Close-up of Hosta Leaves

Avid Gardeners

The Wellivers have loyally tended and tilled to their garden ever since they moved to their house in 1980. What was once surrounded by horse stables, farmland and dirt roads is now surrounded by suburbia.

Larry started dabbling with hostas in 1985. That’s when Kathy’s mother gave them some basic varieties. He happily discovered planting them meant cutting less grass on his five-acre lot. It wasn’t until a few years later, on a garden tour, when he first became captivated by the plant’s budding potential for his own yard. “We saw hostas that we have never seen before,” says Larry, who retired in 2000 from his job as vice president of the Honeywell Solid State Electronics Center in Plymouth. “I was like, ‘Oh, man, we have to get into that.’”

Hosta Garden

And, they did. In fact, their garden was featured on the 2000 American Hosta Society convention tour, which was in Minneapolis that year. “A few people told us it was the best privately maintained garden they have ever seen,” Larry says.

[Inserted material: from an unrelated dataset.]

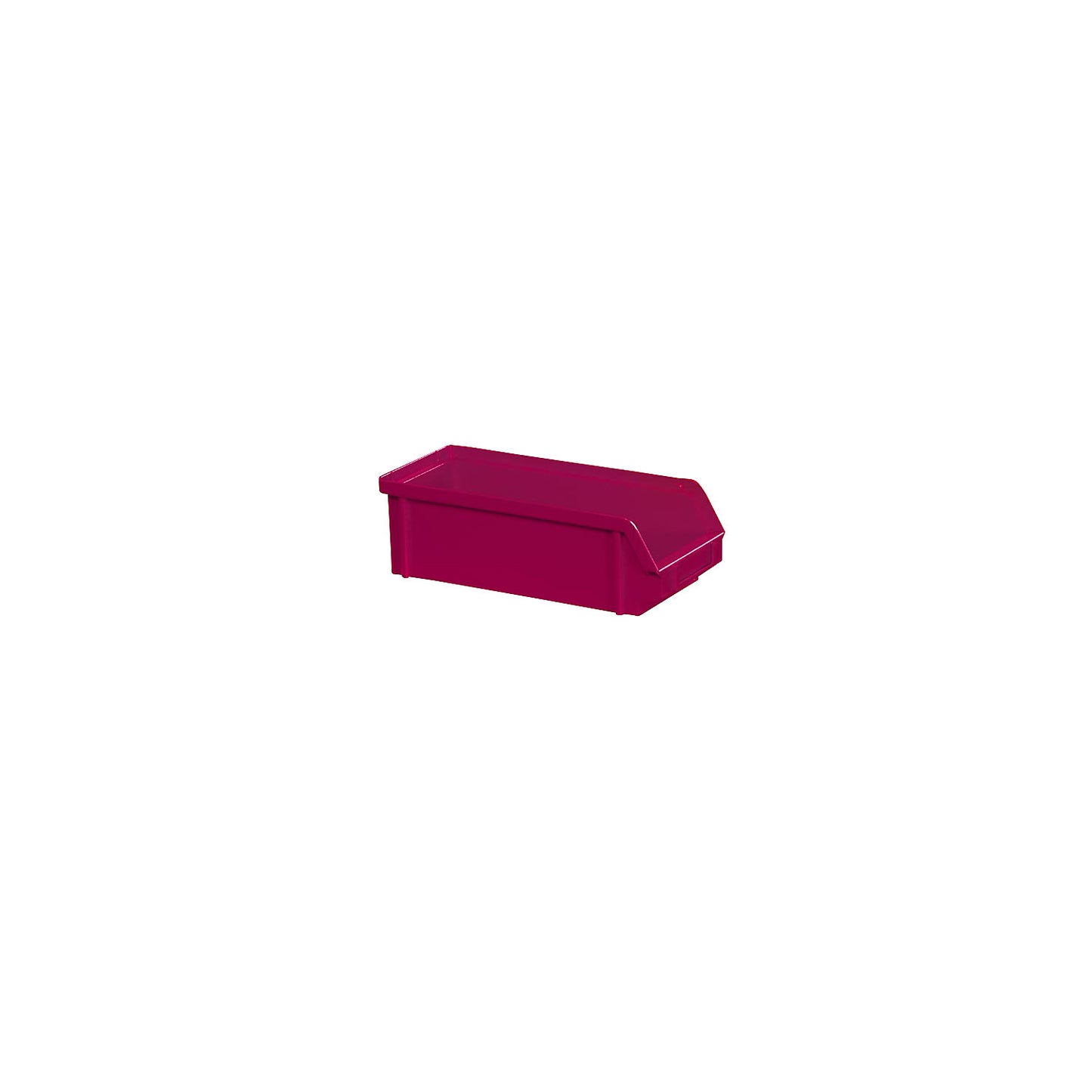 Open fronted storage bin made of polystyrene, length 230 mm, WxH 102 x 75 mm, pack of 24, red.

Maintaining the garden—especially weeding—takes a lot of work. Helping them are three high school- and college-age young men. Occasionally, hostas will die, and they will have to be replaced. But that doesn’t happen much. “They’re hardy,” Kathy says. “Once you get them going, there’s not a lot to do.”

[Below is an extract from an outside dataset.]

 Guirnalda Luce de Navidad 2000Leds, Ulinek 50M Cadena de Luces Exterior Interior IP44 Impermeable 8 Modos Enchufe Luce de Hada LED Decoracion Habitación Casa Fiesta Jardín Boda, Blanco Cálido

Hostas do well in Minnesota since they need frozen ground in the winter months to thrive in the summer. “Our hostas here tend to be a lot bigger than in southern areas, where the ground doesn’t freeze as long,” Larry says. These sizes range with the different varieties, and some can be up to three or four feet across.

Hosta Flowers

Peaceful Setting

When the garden is at its lushest, motorists often slow down in front of their house to take a look. Larry and Kathy don’t mind. They enjoy sharing the garden with others.

After all these years, they still love looking at it, too. One of their favorite spots is on their patio, where they sit, surrounded by tall trees, several pieces of their vast collection of lawn art and hostas, of course. “Especially, in the later spring, when everything is up, and the colors are so vivid,” Kathy says. “It’s amazing how many shades of green there are.”

The land is slated for change, but the couple is preserving the hostas and the rest of the garden on the acre surrounding the house. Despite changes, the garden retains its natural charm. Squirrels, chipmunks, owls, foxes, coyotes and deer all make appearances from time to time. Larry says they see more wildlife in their yard than they do on their frequent trips Up North. “Not counting the bears,” Kathy says. “We don’t see bears here, but that’s it,” Larry says. “That’s the only thing we don’t see.”

Hunting the Hidden

For a hosta enthusiast, such as Robert Olson, MD, it was a once-in-a-lifetime expedition.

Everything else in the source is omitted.